I have also today restarted the OSD's to wipe the stats and then run the fio benchmark again against an old RBD. The op_r_latency from the OSD perf dump matches up with what I am seeing from fio (40-60ms), so something is definitely not right. If I then run a fio benchmark against one of the RBD's which I have recently written to, the average returns to what I would expect. Actual disk latencies via iostat are in the normal range of what I would expect for a 7.2k disk.
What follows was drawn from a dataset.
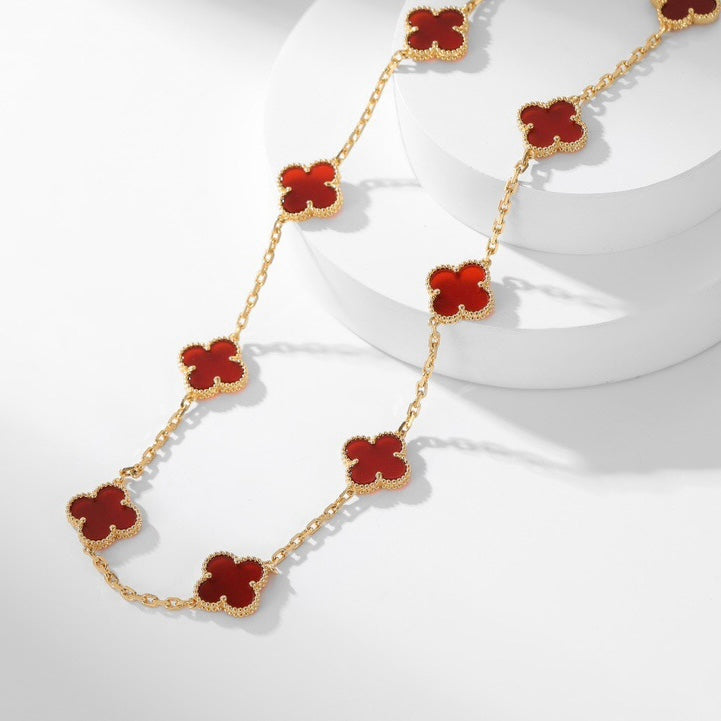 [Luxery]CLOVER 10 MOTIFS CARNELIAN NECKLACE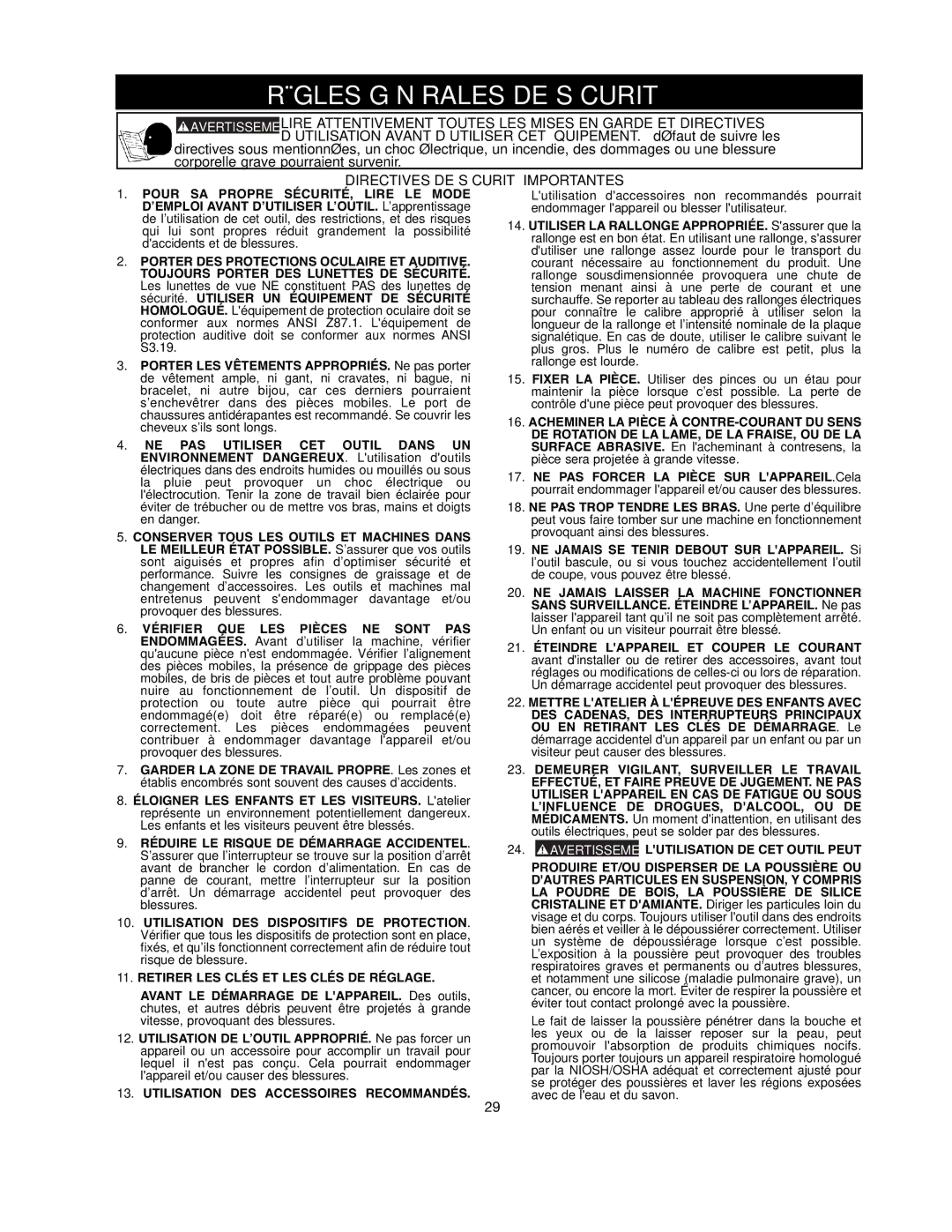 Black & Decker FS200SD instruction manual Règles Générales DE Sécurité, Directives DE Sécurité Importantes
There's something funny going on, which seems to relate to reading objects that haven't been written to in a while, either in the OSD or the XFS file system. Interestingly I have 1 OSD which is using EXT4 and the op_r_latency latency is about half compared to the XFS ones after resetting the stats. This could just be a single anomaly, but I wonder if this whole problem is related to XFS?

> Thanks & Regards
> Somnath
> 
> -----Original Message-----
> From: Nick Fisk [mailto:nick@xxxxxxxxxx]
> Sent: Thursday, June 04, 2015 2:12 PM
> To: 'Gregory Farnum'; Somnath Roy
> Cc: ceph-users@xxxxxxxxxxxxxx
> Subject: RE:  Old vs New pool on same OSDs - Performance
> Difference
> 
> > -----Original Message-----
> > From: ceph-users [mailto:ceph-users-bounces@xxxxxxxxxxxxxx] On Behalf
> > Of Gregory Farnum
> > Sent: 04 June 2015 21:22
> > To: Nick Fisk
> > Cc: ceph-users@xxxxxxxxxxxxxx
> > Subject: Re:  Old vs New pool on same OSDs - Performance
> > Difference
> >
> > On Thu, Jun 4, 2015 at 6:31 AM, Nick Fisk <nick@xxxxxxxxxx> wrote:
> > >
> > > Hi All,
> > >
> > > I have 2 pools both on the same set of OSD’s, 1st is the default rbd
> > > pool
> > created at installation 3 months ago, the other has just recently been
> > created, to verify performance problems.
> > >
> > > As mentioned both pools are on the same set of OSD’s, same crush
> > > ruleset
> > and RBD’s on both are identical in size, version and order. The only
> > real difference that I can think of is that the existing pool as
> > around 5 million objects on it.
> > >
> > > Testing using RBD enabled fio, I see the newly created pool get an
> > expected random read IO performance of around 60 iop’s. The existing
> > pool only gets around half of this. New pool latency = ~15ms Old pool
> > latency = ~35ms for random reads.
> > >
> > > There is no other IO going on in the cluster at the point of running
> > > these
> > tests.
> > >
> > > XFS fragmentation is low, somewhere around 1-2% on most of the disks.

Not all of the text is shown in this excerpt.